■ **What is needed**
Beginning at the line containing "Недвижимость Двухкомнатная квартира Центр: 8", give again every line through the end of the data, unchanged and with both ends included. Drop any pictures.

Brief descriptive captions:
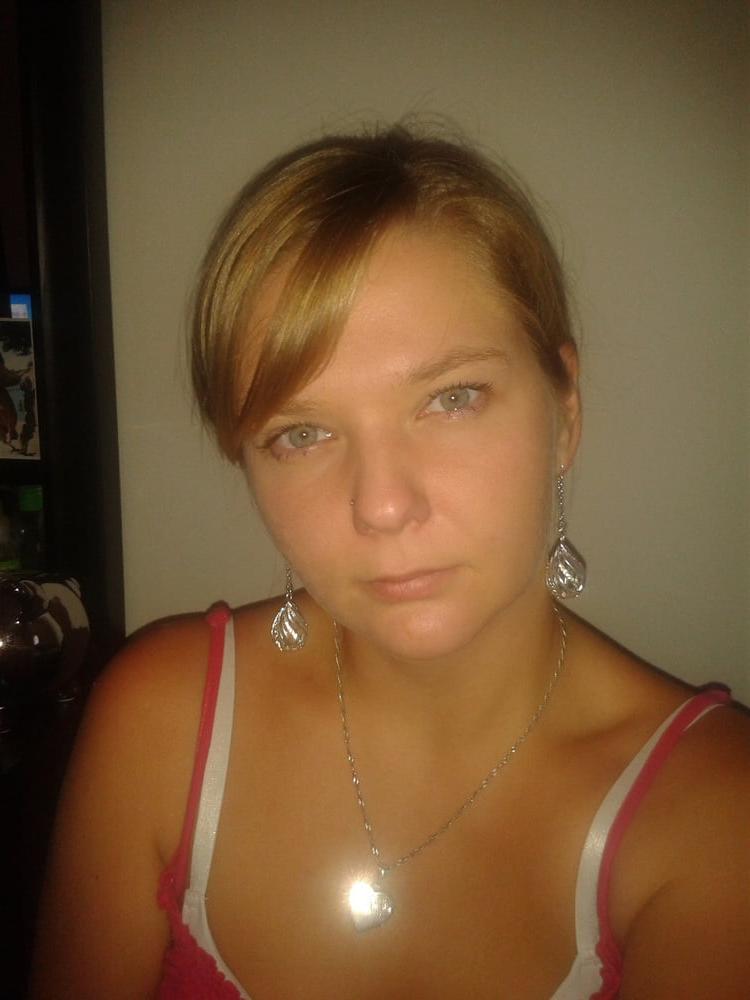 20P Blonde Milf - Private Pics
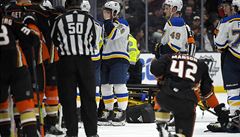 VIDEO: Další horor při zápase NHL, Bouwmeester zkolaboval, když se natahoval pro pití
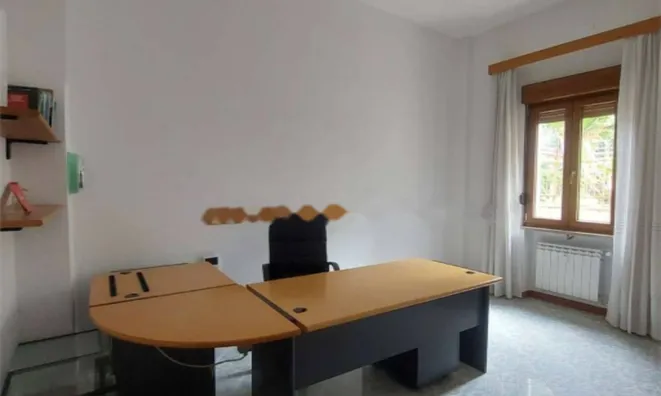 Недвижимость Двухкомнатная квартира Центр: 8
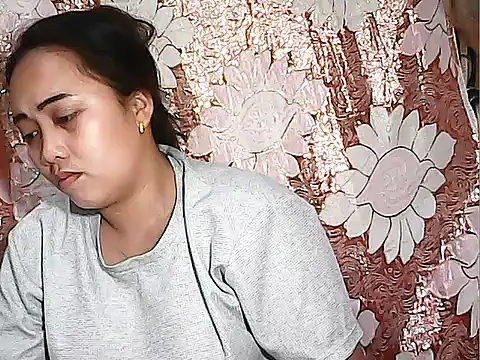 Snapshot of Pinay_Chubby20 chatting on 7, 10, 2025 Pinay Chubby20 online show from 7, 10, 2025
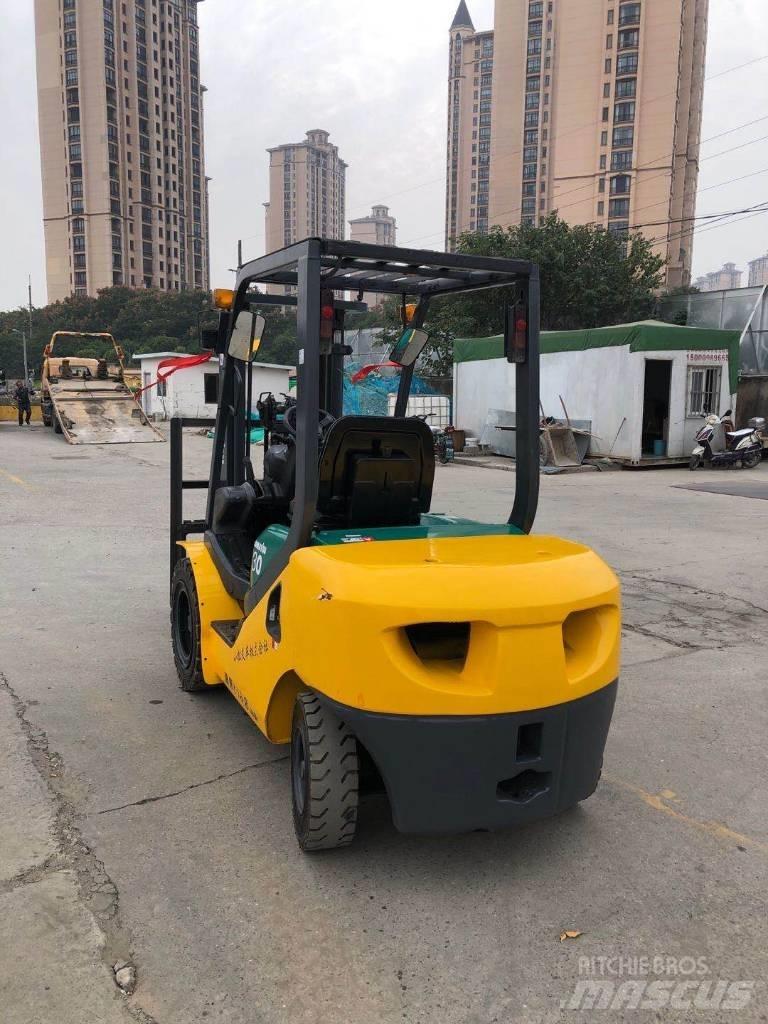 Komatsu FD30 Dizelski viljuškari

■ **Reply to the exercise**
 Недвижимость Двухкомнатная квартира Центр: 8
 Snapshot of Pinay_Chubby20 chatting on 7, 10, 2025 Pinay Chubby20 online show from 7, 10, 2025
 Komatsu FD30 Dizelski viljuškari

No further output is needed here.